Supplied data: Begin

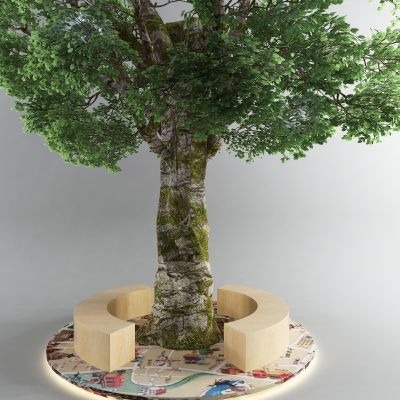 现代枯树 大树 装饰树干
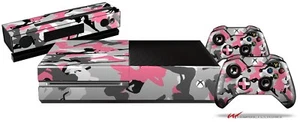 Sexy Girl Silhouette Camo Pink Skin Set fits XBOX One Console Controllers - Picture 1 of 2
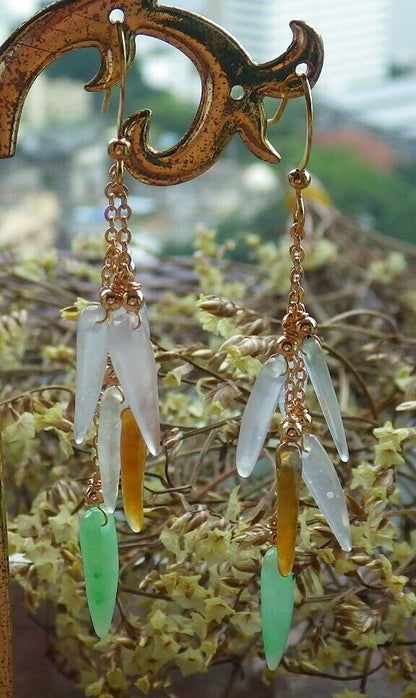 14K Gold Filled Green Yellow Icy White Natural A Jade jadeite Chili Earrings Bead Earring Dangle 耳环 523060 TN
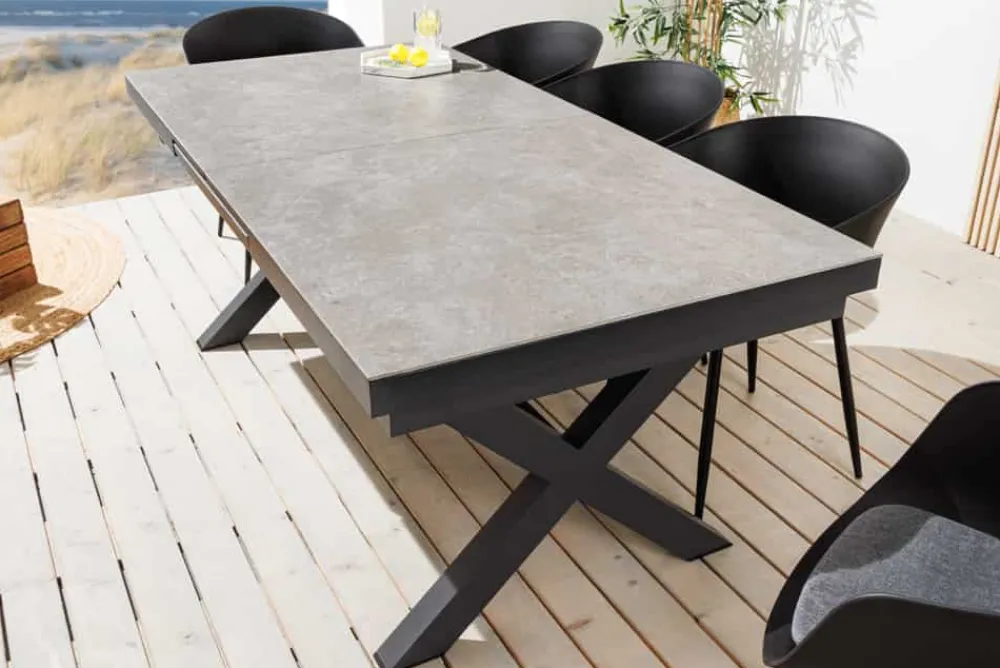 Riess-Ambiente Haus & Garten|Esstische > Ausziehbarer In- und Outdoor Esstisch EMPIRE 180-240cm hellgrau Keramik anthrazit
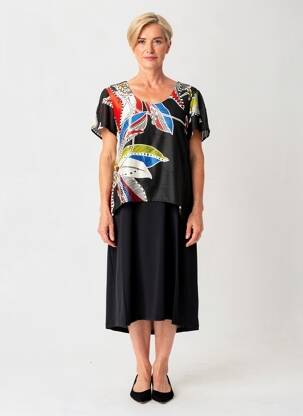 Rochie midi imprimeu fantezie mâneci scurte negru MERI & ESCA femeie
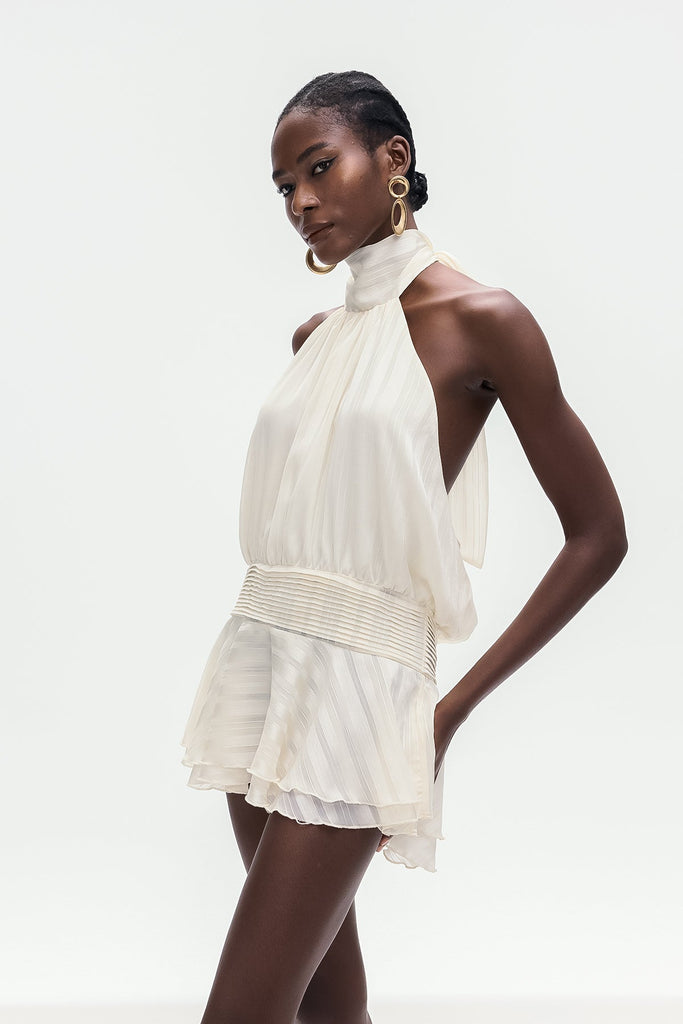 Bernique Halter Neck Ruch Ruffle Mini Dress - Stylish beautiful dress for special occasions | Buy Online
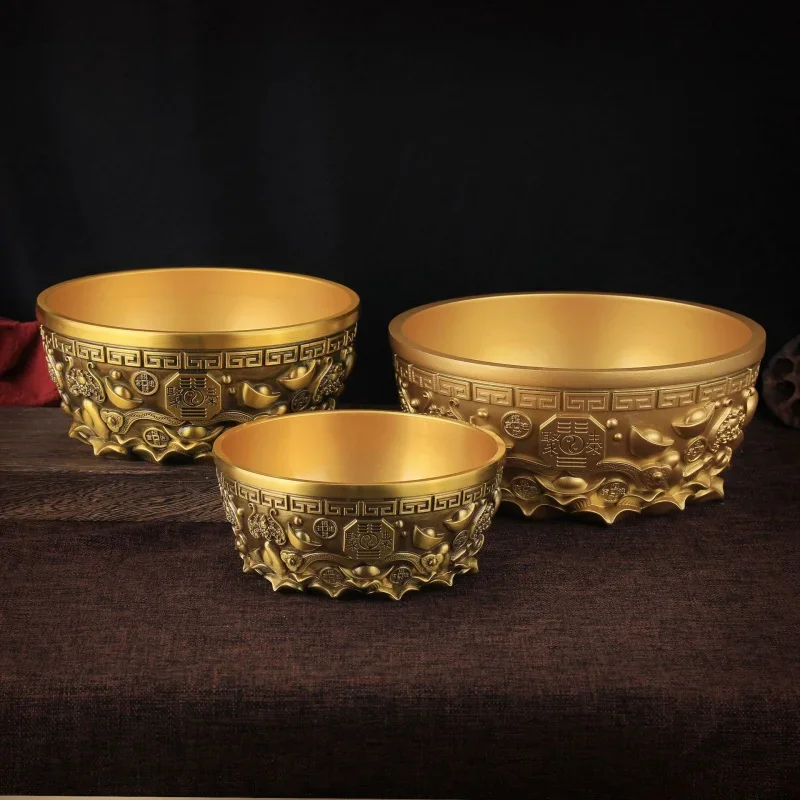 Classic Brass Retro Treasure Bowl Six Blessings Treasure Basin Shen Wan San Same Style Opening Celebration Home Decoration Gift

Supplied data: End

## Requirement
Reproduce the preceding material exactly, skipping pictures.

## Answer section
 现代枯树 大树 装饰树干
 Sexy Girl Silhouette Camo Pink Skin Set fits XBOX One Console Controllers - Picture 1 of 2
 14K Gold Filled Green Yellow Icy White Natural A Jade jadeite Chili Earrings Bead Earring Dangle 耳环 523060 TN
 Riess-Ambiente Haus & Garten|Esstische > Ausziehbarer In- und Outdoor Esstisch EMPIRE 180-240cm hellgrau Keramik anthrazit
 Rochie midi imprimeu fantezie mâneci scurte negru MERI & ESCA femeie
 Bernique Halter Neck Ruch Ruffle Mini Dress - Stylish beautiful dress for special occasions | Buy Online
 Classic Brass Retro Treasure Bowl Six Blessings Treasure Basin Shen Wan San Same Style Opening Celebration Home Decoration Gift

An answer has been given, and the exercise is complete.